Not surprisingly, economic reporting today focused instead on Fed Chairman Ben Bernanke's use yesterday of the word "recession" and on Congress's confused efforts to deal with the U.S. housing mess. Among the few exceptions: David Ignatius drew on Bob's speech in his Washington Post column today on The Perils of the Price of Rice, which does a nice job of highlighting unexamined links between economic troubles here in the U.S. and the food shortages and other problems in the wider world.
Most of the media, as usual, seems to suffer from a case of double myopia (nearsightedness in time and in space) in which the immediate problem in the U.S. financial market (as legitimate as it is, for the 2 million or so households facing foreclosure risks) eclipses the crisis out there in the "rest of the world," which is urgent and could be long-term, of rising food and energy prices for poor people in poor countries -- who number about 2 billion.
Good to see Mr.

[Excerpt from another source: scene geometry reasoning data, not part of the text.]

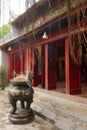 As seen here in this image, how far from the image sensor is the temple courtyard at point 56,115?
4625 mm

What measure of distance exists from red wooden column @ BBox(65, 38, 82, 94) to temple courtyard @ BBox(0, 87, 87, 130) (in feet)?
1.47

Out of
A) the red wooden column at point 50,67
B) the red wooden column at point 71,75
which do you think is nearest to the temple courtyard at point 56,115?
the red wooden column at point 71,75

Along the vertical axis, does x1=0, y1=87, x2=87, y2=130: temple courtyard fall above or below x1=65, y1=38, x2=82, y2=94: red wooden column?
below

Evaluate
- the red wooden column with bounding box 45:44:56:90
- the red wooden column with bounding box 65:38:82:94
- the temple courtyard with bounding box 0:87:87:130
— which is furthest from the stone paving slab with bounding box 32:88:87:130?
the red wooden column with bounding box 45:44:56:90

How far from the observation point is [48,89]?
8711 millimetres

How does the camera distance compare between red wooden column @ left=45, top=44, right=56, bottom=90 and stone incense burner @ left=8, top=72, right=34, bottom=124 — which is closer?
stone incense burner @ left=8, top=72, right=34, bottom=124

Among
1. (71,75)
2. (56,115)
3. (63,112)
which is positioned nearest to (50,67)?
(71,75)

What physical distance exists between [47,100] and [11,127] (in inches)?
104

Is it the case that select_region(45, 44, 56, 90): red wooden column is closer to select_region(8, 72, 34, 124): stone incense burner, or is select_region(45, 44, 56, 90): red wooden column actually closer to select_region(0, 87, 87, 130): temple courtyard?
select_region(0, 87, 87, 130): temple courtyard

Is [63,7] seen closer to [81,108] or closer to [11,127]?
[81,108]

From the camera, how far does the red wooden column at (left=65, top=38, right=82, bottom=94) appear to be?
711cm

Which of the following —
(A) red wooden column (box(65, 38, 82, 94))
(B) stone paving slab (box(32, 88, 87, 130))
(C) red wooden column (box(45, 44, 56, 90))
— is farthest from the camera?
(C) red wooden column (box(45, 44, 56, 90))

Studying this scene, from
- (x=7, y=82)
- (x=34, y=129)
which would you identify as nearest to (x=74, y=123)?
(x=34, y=129)

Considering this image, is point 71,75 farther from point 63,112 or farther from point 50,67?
point 63,112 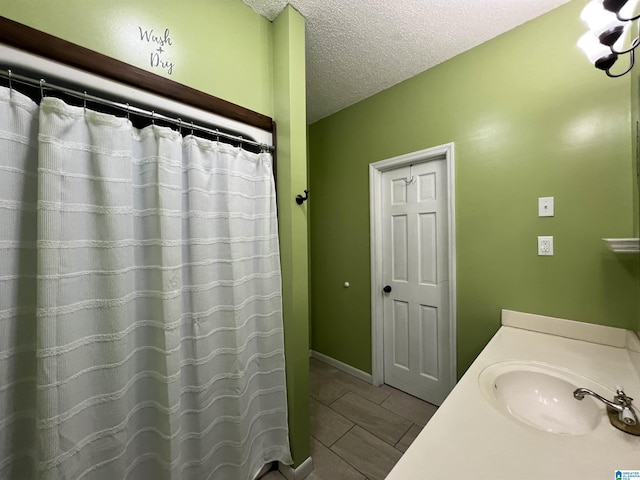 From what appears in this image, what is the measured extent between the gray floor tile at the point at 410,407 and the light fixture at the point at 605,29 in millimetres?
2140

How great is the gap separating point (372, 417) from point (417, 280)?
1.08 m

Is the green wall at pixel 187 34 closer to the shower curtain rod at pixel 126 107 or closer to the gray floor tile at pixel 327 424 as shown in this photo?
the shower curtain rod at pixel 126 107

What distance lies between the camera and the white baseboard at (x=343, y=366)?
226 centimetres

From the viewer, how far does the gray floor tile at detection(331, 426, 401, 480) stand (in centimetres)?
142

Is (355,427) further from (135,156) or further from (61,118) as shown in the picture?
(61,118)

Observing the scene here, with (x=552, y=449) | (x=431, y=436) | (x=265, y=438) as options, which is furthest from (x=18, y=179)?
(x=552, y=449)

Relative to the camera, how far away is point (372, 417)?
1816mm

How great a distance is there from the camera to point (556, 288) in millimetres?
1361

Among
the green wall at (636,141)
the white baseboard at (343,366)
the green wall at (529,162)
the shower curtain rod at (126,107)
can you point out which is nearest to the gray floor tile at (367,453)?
the white baseboard at (343,366)

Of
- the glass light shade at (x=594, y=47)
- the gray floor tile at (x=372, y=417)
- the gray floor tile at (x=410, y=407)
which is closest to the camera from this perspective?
the glass light shade at (x=594, y=47)

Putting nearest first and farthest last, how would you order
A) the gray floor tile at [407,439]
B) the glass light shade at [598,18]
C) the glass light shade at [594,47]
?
1. the glass light shade at [598,18]
2. the glass light shade at [594,47]
3. the gray floor tile at [407,439]

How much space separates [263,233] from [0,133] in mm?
921

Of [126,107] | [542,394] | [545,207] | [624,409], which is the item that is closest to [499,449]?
[624,409]

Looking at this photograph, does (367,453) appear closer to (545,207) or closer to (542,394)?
(542,394) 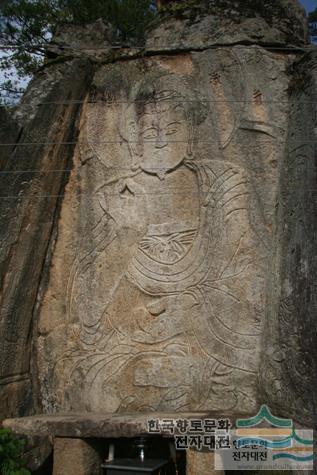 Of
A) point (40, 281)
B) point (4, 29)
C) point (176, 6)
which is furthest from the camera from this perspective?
point (4, 29)

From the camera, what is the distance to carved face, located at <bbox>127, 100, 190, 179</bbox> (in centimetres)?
495

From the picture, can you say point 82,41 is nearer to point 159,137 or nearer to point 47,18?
point 159,137

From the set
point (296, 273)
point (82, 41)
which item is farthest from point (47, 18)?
point (296, 273)

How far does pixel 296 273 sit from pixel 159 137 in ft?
5.94

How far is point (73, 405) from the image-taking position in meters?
4.73

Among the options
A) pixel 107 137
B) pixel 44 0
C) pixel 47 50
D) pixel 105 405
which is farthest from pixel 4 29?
pixel 105 405

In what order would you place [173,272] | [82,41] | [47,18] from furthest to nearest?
[47,18] → [82,41] → [173,272]

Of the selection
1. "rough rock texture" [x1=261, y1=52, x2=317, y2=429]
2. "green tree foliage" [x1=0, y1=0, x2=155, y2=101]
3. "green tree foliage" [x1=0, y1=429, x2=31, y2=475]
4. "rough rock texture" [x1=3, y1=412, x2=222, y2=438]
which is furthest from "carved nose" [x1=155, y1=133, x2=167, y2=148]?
"green tree foliage" [x1=0, y1=0, x2=155, y2=101]

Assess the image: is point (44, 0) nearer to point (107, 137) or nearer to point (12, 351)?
point (107, 137)

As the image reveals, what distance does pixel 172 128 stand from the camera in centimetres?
500

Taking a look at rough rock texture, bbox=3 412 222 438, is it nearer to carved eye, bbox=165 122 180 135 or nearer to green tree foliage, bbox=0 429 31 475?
green tree foliage, bbox=0 429 31 475

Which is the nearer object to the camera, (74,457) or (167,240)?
(74,457)

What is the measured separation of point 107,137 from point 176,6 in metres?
1.48

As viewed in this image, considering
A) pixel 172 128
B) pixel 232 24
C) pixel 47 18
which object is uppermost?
pixel 47 18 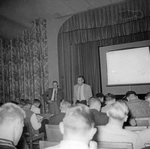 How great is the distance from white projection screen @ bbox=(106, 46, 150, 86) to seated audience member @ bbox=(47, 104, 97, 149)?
5381 mm

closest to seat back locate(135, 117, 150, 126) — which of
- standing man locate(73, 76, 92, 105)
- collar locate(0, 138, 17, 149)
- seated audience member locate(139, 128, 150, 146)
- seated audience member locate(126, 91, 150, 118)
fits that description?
seated audience member locate(126, 91, 150, 118)

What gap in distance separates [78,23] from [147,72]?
115 inches

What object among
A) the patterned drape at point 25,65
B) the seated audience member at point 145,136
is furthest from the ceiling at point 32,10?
the seated audience member at point 145,136

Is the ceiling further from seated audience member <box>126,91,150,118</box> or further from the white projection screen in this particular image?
seated audience member <box>126,91,150,118</box>

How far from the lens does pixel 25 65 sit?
812 centimetres

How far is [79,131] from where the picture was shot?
101cm

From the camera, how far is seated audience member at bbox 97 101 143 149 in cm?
168

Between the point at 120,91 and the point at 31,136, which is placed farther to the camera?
the point at 120,91

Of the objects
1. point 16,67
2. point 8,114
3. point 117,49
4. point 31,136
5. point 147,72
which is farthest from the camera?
point 16,67

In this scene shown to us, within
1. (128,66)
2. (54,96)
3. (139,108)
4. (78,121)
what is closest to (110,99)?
(139,108)

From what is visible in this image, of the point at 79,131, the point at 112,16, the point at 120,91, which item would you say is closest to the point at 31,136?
the point at 79,131

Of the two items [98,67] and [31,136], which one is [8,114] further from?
[98,67]

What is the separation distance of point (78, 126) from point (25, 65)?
24.5 feet

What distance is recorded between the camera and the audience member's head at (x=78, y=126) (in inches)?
39.9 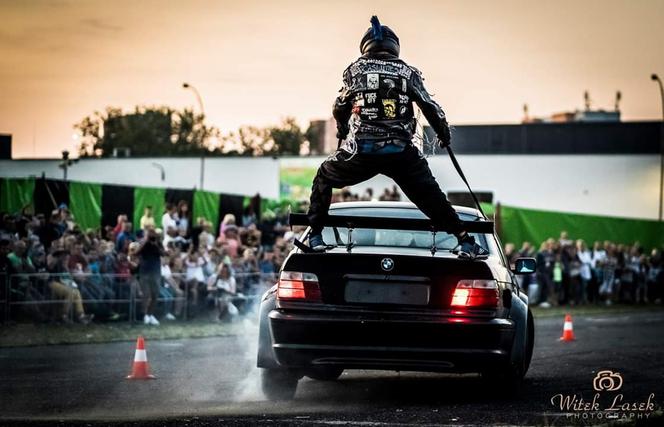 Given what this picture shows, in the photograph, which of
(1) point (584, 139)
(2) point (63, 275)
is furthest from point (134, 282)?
(1) point (584, 139)

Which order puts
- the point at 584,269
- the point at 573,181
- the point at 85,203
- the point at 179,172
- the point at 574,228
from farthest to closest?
the point at 179,172
the point at 573,181
the point at 574,228
the point at 584,269
the point at 85,203

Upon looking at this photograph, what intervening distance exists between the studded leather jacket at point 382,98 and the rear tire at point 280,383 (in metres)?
2.25

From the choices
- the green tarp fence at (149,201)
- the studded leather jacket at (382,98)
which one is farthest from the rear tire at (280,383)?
the green tarp fence at (149,201)

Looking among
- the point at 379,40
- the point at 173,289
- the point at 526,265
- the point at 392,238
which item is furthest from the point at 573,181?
the point at 379,40

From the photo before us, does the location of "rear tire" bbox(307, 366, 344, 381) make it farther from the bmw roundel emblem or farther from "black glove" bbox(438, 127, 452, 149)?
"black glove" bbox(438, 127, 452, 149)

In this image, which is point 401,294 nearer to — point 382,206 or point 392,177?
point 392,177

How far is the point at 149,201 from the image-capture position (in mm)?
25141

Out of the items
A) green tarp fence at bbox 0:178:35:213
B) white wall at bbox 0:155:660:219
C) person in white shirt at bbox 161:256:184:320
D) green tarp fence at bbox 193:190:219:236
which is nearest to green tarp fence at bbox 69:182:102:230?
green tarp fence at bbox 0:178:35:213

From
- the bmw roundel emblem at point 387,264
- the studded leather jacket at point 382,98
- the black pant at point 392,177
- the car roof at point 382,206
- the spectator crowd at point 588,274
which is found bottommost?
the spectator crowd at point 588,274

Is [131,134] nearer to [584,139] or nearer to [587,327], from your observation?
[584,139]

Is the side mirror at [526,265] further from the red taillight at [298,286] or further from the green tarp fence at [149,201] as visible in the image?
the green tarp fence at [149,201]

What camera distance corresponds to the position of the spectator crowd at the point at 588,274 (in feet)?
99.3

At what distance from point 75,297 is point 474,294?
11505 mm

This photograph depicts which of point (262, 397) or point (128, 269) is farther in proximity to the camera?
point (128, 269) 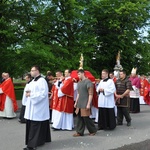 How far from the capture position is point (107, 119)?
8555 mm

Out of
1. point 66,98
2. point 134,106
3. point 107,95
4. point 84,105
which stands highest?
point 107,95

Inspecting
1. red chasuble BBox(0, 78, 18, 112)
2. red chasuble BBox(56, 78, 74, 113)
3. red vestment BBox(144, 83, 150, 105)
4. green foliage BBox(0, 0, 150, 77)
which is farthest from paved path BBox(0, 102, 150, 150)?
green foliage BBox(0, 0, 150, 77)

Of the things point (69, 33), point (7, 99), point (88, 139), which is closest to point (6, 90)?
point (7, 99)

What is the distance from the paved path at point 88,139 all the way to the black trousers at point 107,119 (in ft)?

Zoellick using the World Bank platform as a bully pulpit to fight for attention to the world's poor. And clever of him to link current shifts in global prices and risks to poor people's needs. I had the pleasure of hosting him and serving as moderator during the follow up discussion. From where I sat, our audience of development experts seemed pleased indeed with his proposals.
Like many who were there, I welcome his focus not on more World Bank lending (hardly a word on that, except for his promise to increase agriculture lending to Africa) but on the World Bank's role in making markets for new products (he wants 1 percent of sovereign wealth fund assets -- that's about $30 billion -- for a World Bank-engineered investment fund for Africa), and on providing a venue for global collective action on climate change.
Let's hope he can bring along quickly his 10,000 colleagues at the Bank (on climate change, progress is painfully slow) who still mostly "do" lending instead of realizing the institution's potential as a global development cooperative. He will also need to convince his Board and the bank's member countries, especially the U.S., who hesitate, against their own long-term interests (myopia again), to get on with the business of reforming the bank's governance to give developing countries and the emerging market giants a much greater voice in running the bank.